In 1966 the left leaning wing of the West Bengal Pradesh Congress, represented by Ajoy Mukherjee, Pranab Mukherjee, Siddhartha Shankar Ray, A. B. A. Ghani Khan Choudhury, Abha Maiti revolted against the leadership of the old conservative elites of "the syndicate" like Prafulla Chandra Sen and Atulya Ghosh owing to the policies of the Prafulla Sen government during the Food Movement. As a result, the Bangla Congress was formed through a split in the Indian National Congress in West Bengal in May, 1966. Among a few other places, the Party had a strong base in Nadia and Murshidabad.

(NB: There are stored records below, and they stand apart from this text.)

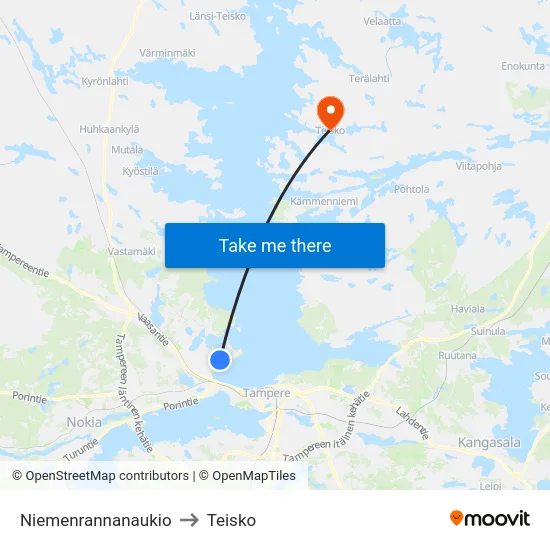 Niemenrannanaukio to Teisko map
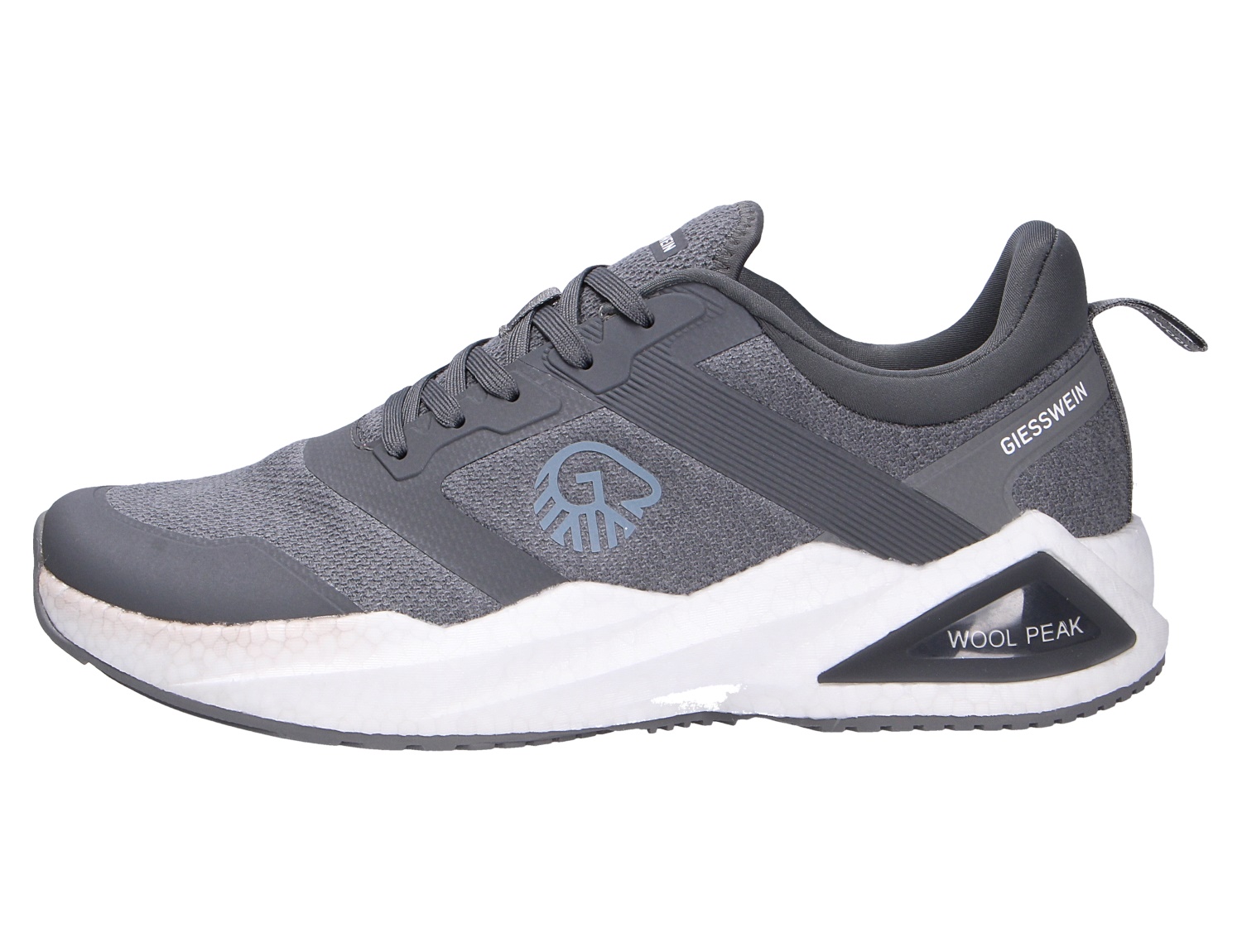 Giesswein WOOL PEAK MEN Herren-Sneaker in Grau mit Schnürung und weißer Dämpfungssohle, seitliche Produktansicht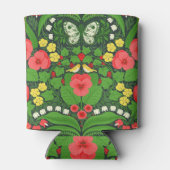 赤いパンジーと鳥と蝶 缶クーラー (裏面)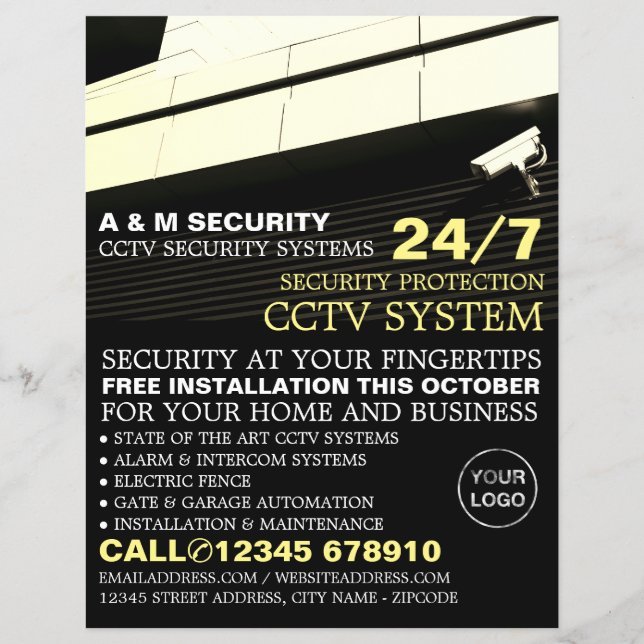 Kamera med CCTV-montering, CCTV-säkerhetsreklam Reklamblad (Framsidan)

Going into the 1967 elections, there were two fronts opposing the Indian National Congress, the United Left Front led by the Communist Party of India (Marxist) and the People's United Left Front comprising Bangla Congress, Communist Party of India and the All India Forward Bloc.

Majumdar fought the 1967 elections as a Bangla Congress candidate for the People's United Left Front and won from Chapra. Shortly after the elections, the 2 fronts came together to form the United Front and dislodge the Indian National Congress for the first time in West Bengal since independence. The United Front formed government on an 18-Point Programme with Ajoy Mukherjee as the Chief Minister and Jyoti Basu as the Deputy Chief Minister in March 1967.

==Legacy==

In 1972, marking the 25th year of Indian Independence, Majumdar was awarded the Tamra Patra for outstanding contribution to the freedom movement by Prime Minister Indira Gandhi. He is the father of Jay Prakash Majumdar, State Vice President of All India Trinamool Congress.